SPINACH-STUFFED FLOUNDER WITH MUSHROOMS AND FETA



Spinach-Stuffed Flounder with Mushrooms and Feta image

Incredible, but true...this dish is low-fat.

Provided by dakota kelly

Categories     Seafood     Fish

Time 30m

Yield 4

Number Of Ingredients 4

8 large fresh mushrooms, sliced
8 ounces spinach, rinsed and chopped
1 tablespoon crumbled feta cheese
4 (4 ounce) fillets flounder

Steps:

  • Preheat oven to 350 degrees F (175 degrees C).
  • Spray an unheated medium skillet with no-stick spray. Heat the skillet over medium heat. Add the mushrooms and cook about 5 minutes or until the liquid released from the mushrooms has evaporated, stirring occasionally.
  • Add the spinach to the skillet.

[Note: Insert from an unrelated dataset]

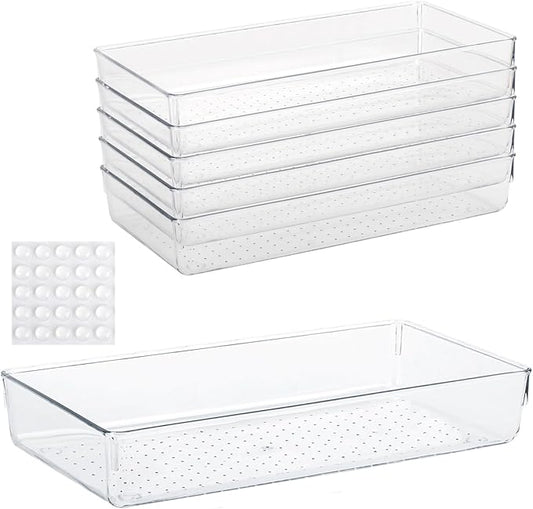 6Pcs Clear Plastic Drawer Organizers Tray 12" x 6.2" Storage Bins with 25Pcs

Cook and stir about 2 minutes or until spinach is wilted. Remove from the heat and drain excess moisture. Sprinkle the feta cheese over the vegetables, then stir it in.
  • To assemble the fish rolls, place one-quarter of the spinach mixture onto the wide end of each filet. Carefully roll the filet around the spinach mixture. Use wooden toothpicks to hold the end of each roll in place.
  • Spray an 8x8 inch baking dish with non-stick spray. Place the fish rolls, seam side down, in the baking dish. Add 2 tablespoons of water. Loosely cover with foil.
  • Bake in a preheated oven for 15 to 20 minutes or until fish flakes easily when tested with a fork and is opaque all the way through.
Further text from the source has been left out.